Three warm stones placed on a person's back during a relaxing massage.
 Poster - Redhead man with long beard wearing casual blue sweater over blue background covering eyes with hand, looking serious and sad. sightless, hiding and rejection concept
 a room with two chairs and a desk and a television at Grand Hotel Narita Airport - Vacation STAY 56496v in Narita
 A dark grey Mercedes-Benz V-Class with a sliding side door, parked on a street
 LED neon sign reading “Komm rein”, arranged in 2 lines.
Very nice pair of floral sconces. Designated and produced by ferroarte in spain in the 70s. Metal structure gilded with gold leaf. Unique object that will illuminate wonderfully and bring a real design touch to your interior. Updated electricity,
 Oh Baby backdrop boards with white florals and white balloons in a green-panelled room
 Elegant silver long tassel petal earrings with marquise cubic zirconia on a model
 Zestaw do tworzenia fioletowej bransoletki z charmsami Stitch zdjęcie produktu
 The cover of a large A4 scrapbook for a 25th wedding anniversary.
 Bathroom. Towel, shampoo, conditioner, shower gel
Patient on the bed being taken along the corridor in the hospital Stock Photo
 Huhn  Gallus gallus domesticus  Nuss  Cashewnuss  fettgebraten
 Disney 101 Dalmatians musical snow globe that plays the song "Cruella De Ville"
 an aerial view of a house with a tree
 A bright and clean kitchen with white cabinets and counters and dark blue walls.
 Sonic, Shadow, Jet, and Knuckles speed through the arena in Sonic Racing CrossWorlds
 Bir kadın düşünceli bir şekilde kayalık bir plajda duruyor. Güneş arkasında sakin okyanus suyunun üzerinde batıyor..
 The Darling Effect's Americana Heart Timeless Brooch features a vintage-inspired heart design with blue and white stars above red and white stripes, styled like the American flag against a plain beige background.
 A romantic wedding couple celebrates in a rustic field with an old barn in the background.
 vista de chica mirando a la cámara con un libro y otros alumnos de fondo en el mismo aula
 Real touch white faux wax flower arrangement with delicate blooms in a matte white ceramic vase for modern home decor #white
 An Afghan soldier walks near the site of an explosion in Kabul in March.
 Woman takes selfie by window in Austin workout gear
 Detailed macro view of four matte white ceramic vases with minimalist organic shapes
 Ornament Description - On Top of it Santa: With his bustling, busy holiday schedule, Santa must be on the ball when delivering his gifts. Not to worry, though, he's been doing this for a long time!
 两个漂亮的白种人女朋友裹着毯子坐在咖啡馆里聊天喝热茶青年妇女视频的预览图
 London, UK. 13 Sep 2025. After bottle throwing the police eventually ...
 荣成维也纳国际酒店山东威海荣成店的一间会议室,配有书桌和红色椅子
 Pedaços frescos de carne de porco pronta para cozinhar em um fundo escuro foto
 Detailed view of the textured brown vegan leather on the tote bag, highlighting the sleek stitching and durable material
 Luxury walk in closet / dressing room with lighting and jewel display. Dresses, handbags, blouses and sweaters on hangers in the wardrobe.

◇ ◇ ◇ ◇

# WHAT YOU ARE ASKED TO DO:
Here the job is to set down exactly the lines of the material above that fall between the one with "Poster - Redhead" and the one with "A dark grey", inclusive, and nothing beyond them.

# EXPECTED ANSWER:
 Poster - Redhead man with long beard wearing casual blue sweater over blue background covering eyes with hand, looking serious and sad. sightless, hiding and rejection concept
 a room with two chairs and a desk and a television at Grand Hotel Narita Airport - Vacation STAY 56496v in Narita
 A dark grey Mercedes-Benz V-Class with a sliding side door, parked on a street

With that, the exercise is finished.